Nelson Mandela’s Makarov Pistol

Finding it has turned into somewhat of an obsession:

As a young freedom fighter, Nelson Mandela stepped out of a farmhouse hideout in South Africa, took 20 strides and dug a hole on the sprawling land.  He leaned over, put in a semiautomatic pistol and 200 rounds of ammunition, and carefully put a khaki uniform over them.  After covering them with heaps of soil, he sauntered back into his rural hideout in northern Johannesburg — hoping to retrieve them soon.

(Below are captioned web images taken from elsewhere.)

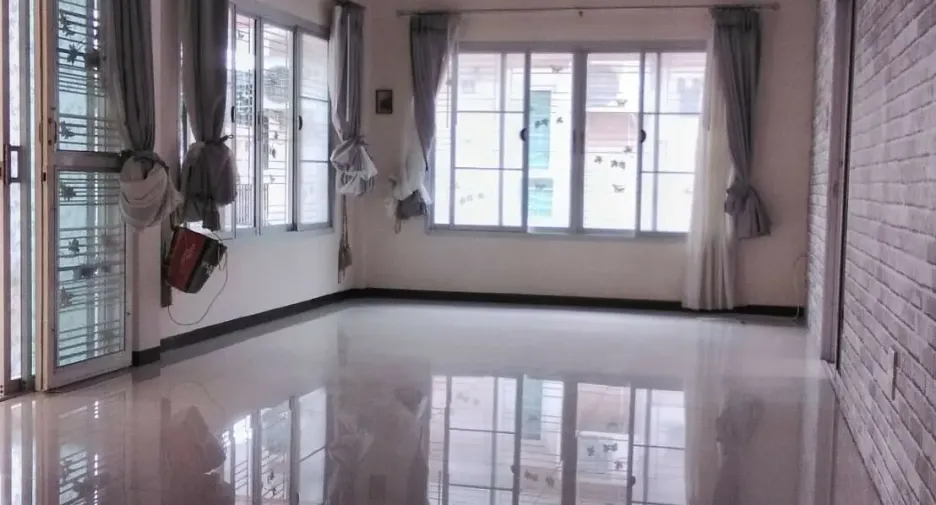 Casa en venta de 3 habitaciones en Mueang Nakhon Ratchasima, Nakhon Ratchasima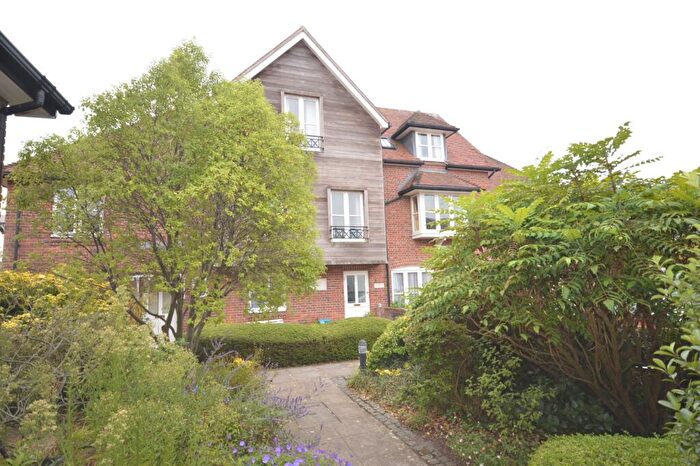 2 Bedroom Maisonette To Rent In Amber Court, Belmore Lane, Lymington, Hampshire, SO41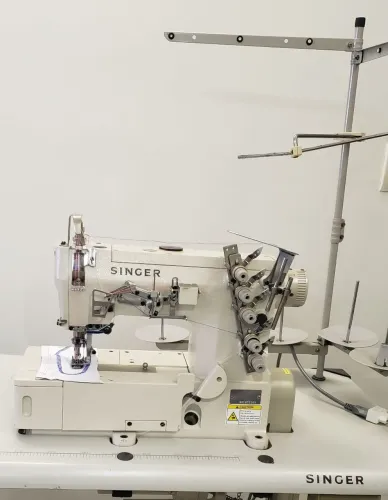 Máquina industrial singer colaret.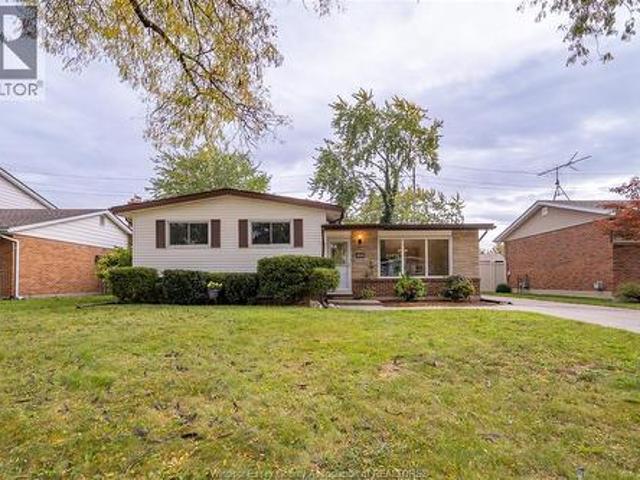 House for sale in Roseland, Windsor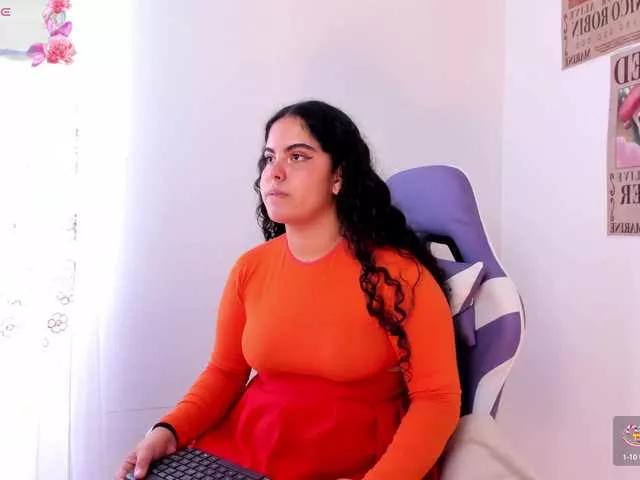Explore our live girls sluts from our Custom and Multi clubs and checkout exclusive access to highly interactive content, such as shape, hair, titties, pussy type and many more.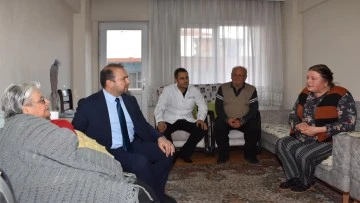 Aydın İl Sağlık M&uuml;d&uuml;r&uuml; Şenkul, hasta ziyaretlerini s&uuml;rd&uuml;r&uuml;yor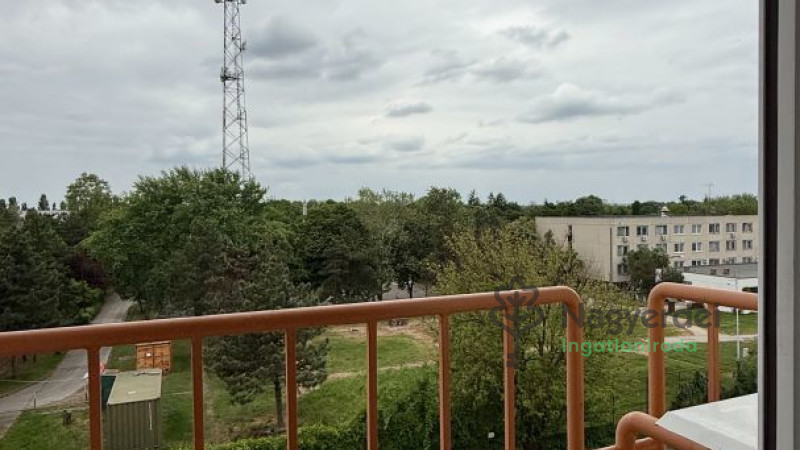 Debrecen, Kertváros, Lakás, tégla lakás  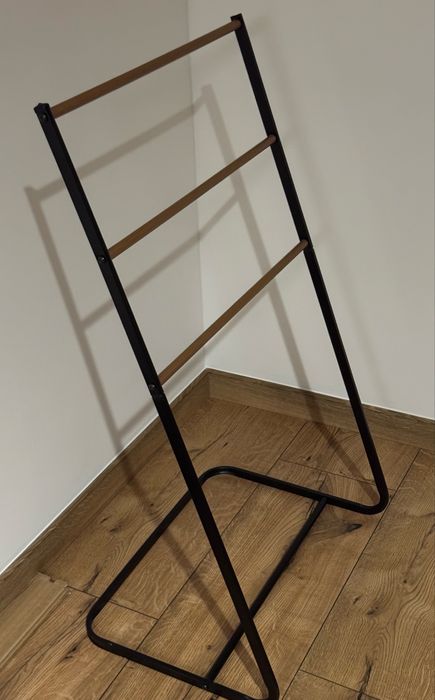 Wieszak stojak na ręczniki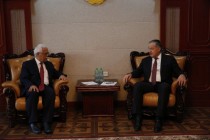 Tajik Foreign Minister Met with the Director General of the IRCICA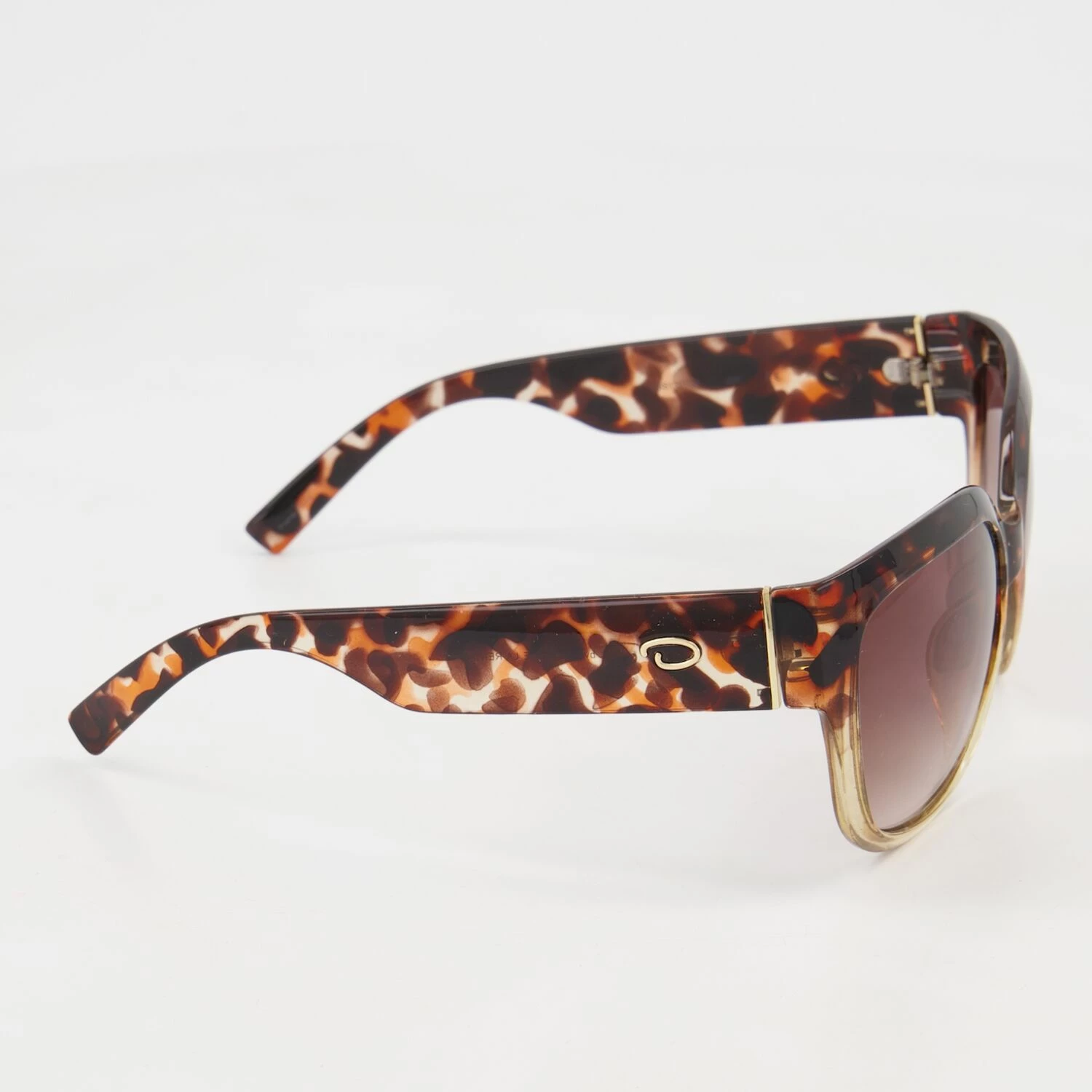 Oscar De La Renta Dark Tortoiseshell Square Wrapped Sunglasses 5 Oscar De La Renta Dark Tortoiseshell Square Wrapped Sunglasses - Image 3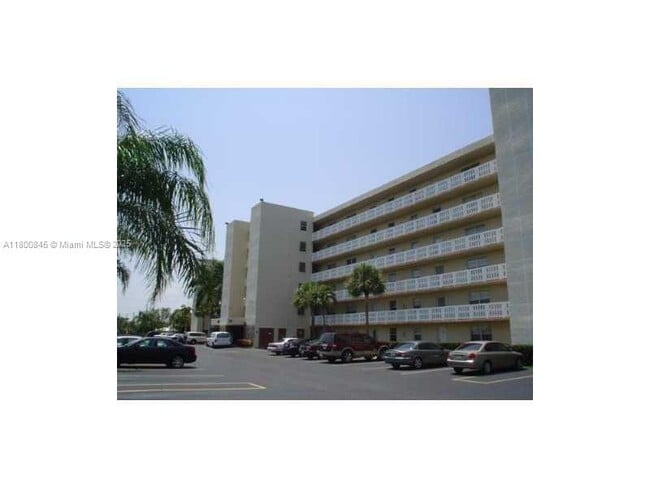 Photo - 441 SE 3rd St Unit 202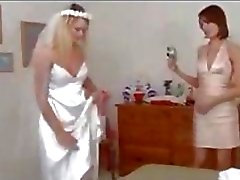 Bride And ihrer Hofdame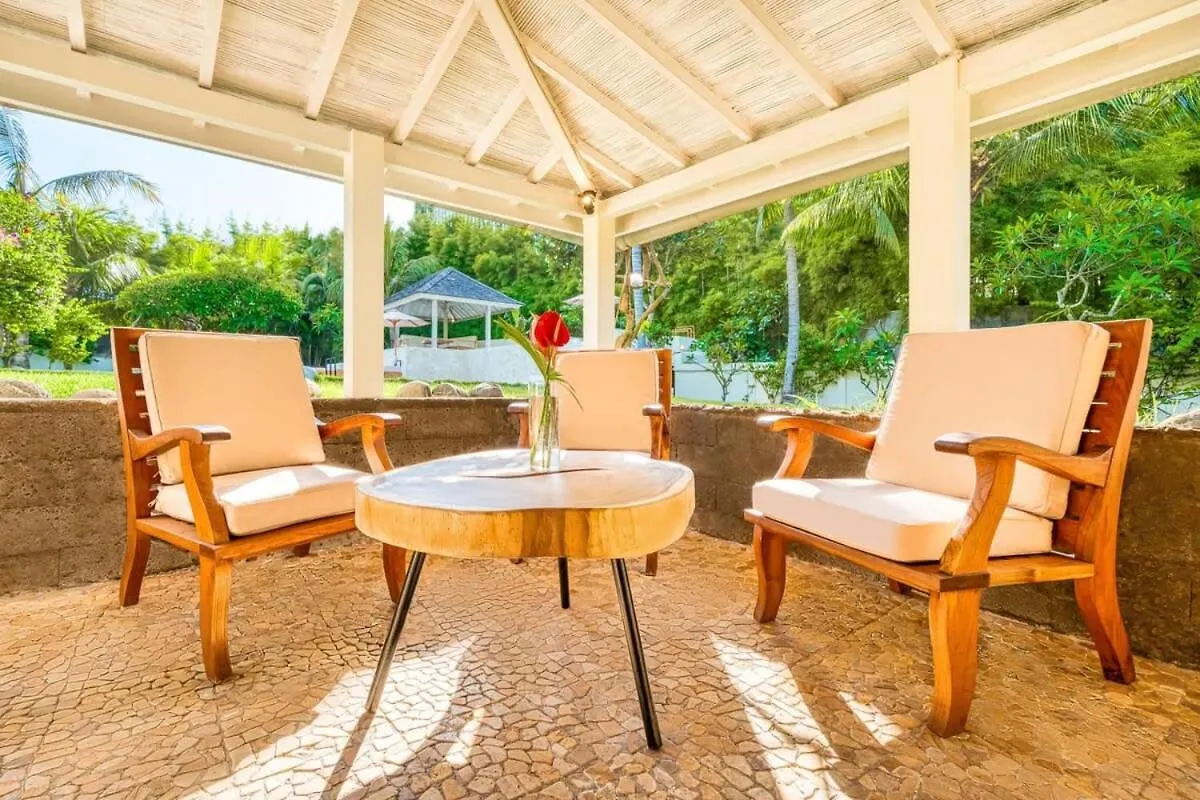 Villa Venice - 2000M2 Garden Right Behind Beach Seminyak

He never got a chance to fire a shot with the Makarov pistol. A few weeks after he buried it at the farm in Rivonia, he was hurled into prison for the next 27 years.  That was in 1962, and the whereabouts of the gun — now estimated at $3 million — remain a mystery, said Nicholas Wolpe, the chief executive of Liliesleaf Farm, the former hideout now converted into a museum.

Full Story – HERE

50 years in the ground, with only a khaki uniform wrapped around it?   Yea I’d say that’s pretty much rust-dust by now.


Comments

9 responses to “Nelson Mandela’s Makarov Pistol”

  1. That one guy Avatar
    That one guy

    A glock? Nah. It’d be nothing but a pile of dust.

    A 1911 though, you find ones that are of ww2 vintage in the ground sometimes. 1911’s and unexploded bombs :3

    1. You best be joking. OH wait you’re the silver-tipped bullets guy from the marine shooting article. GTFO.

      1. That one guy Avatar
        That one guy

        Are you really telling me unexploded bombs dont exist in the ground? Along with other weapons and equipment that are of ww2 vintage? I bet you think that tanks and planes dont lay at the bottom of lakes and rivers either. Oh wait, all of these things have been recovered before, from rivers, lakes and excavation sites before!

        You’d be suprised what survives in the ground. But it seems more or less up to chance as to what does and what does not. Whatshisface’s pistol could still be buried somewhere lol.

        1. And you think the 1911 would work after sitting in the ground for 66 years?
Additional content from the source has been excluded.